Hyper-parameter Optimization using Randomized Search

In [None]:
from sklearn.model_selection import RandomizedSearchCV
from sklearn.preprocessing import LabelEncoder
import xgboost as xgb

le = LabelEncoder()
train_y_le = le.fit_transform(train_y)
valid_y_le = le.fit_transform(valid_y)

xgb_model = xgb.XGBClassifier()

param_distr = {
    'learning_rate': [0.01, 0.1, 0.2],
    'max_depth': [3, 4, 5],
    'min_child_weight': [1, 2, 3]
}

random_search = RandomizedSearchCV(estimator=xgb_model, param_distributions=param_distr, n_iter=5)
random_search.fit(train_X_new, train_y_le)

In [12]:
random_search.best_params_

{'min_child_weight': 2, 'max_depth': 5, 'learning_rate': 0.2}

In [13]:
best_xgb_model = random_search.best_estimator_

In [28]:
from sklearn.model_selection import RandomizedSearchCV
from sklearn.svm import SVC

svm = SVC()
param_distr = {'C':[0.1,1,10], 'kernel':['poly', 'linear']}

randomized_search = RandomizedSearchCV(estimator=svm, param_distributions=param_distr, n_iter=5, cv=2)
randomized_search.fit(train_X_new, train_y)

In [29]:
randomized_search.best_params_

{'kernel': 'linear', 'C': 0.1}

In [30]:
best_svm_model = randomized_search.best_estimator_

Cross Validation for xgb model

In [19]:
from sklearn.model_selection import cross_val_score, KFold

# number of splits for k-fold cross-validation
num_splits = 5

kf = KFold(n_splits=num_splits, shuffle=True, random_state=42)
cross_val_scores = cross_val_score(best_xgb_model, train_X_new, train_y_le, cv=kf, scoring='accuracy')

print("Cross-Validation Scores:", cross_val_scores)

Cross-Validation Scores: [0.98685133 0.9865007  0.98597475 0.98527349 0.98562412]


In [20]:
print("Mean Accuracy =",  np.mean(cross_val_scores))
print("Standard Deviation =",  np.std(cross_val_scores))

Mean Accuracy = 0.9860448807854139
Standard Deviation = 0.000571862076798742


Cross Validation for svm model

In [33]:
from sklearn.model_selection import cross_val_score, KFold

# number of splits for k-fold cross-validation
num_splits = 5

kf = KFold(n_splits=num_splits, shuffle=True, random_state=42)
cross_val_scores = cross_val_score(best_svm_model, train_X_new, train_y, cv=kf, scoring='accuracy')

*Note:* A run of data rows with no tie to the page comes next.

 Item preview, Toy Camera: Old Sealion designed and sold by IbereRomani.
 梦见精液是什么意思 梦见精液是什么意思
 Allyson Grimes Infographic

print("Cross-Validation Scores :", cross_val_scores)
print("Mean Accuracy =",  np.mean(cross_val_scores))
print("Standard Deviation =",  np.std(cross_val_scores))

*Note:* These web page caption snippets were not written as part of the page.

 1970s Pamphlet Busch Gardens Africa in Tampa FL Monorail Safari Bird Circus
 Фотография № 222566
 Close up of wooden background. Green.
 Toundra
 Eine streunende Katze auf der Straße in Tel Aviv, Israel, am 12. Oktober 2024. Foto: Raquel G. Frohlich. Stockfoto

Cross-Validation Scores : [0.99456522 0.99193548 0.99246143 0.99316269 0.99509116]
Mean Accuracy = 0.9934431977559608
Standard Deviation = 0.0012075158034868484


Predicting label 3 values for test data set using xgb model

In [14]:
pred_test_y = best_xgb_model.predict(test_X_new)
pred_test_y.shape

(744,)

In [15]:
test_X_new.shape

(744, 401)

Predicting label 3 values for test data set using svm model

In [31]:
pred_test_y = best_svm_model.predict(test_X_new)
print(pred_test_y.shape)
print(test_X_new.shape)

(744,)
(744, 401)


In [32]:
rows, columns = test_X_new.shape

new_columns = {
    'label_3' : pred_test_y
}

data_frame = pd.DataFrame(new_columns)

csv_file_path = 'test_label_3_new.csv'
data_frame.to_csv(csv_file_path, index=False)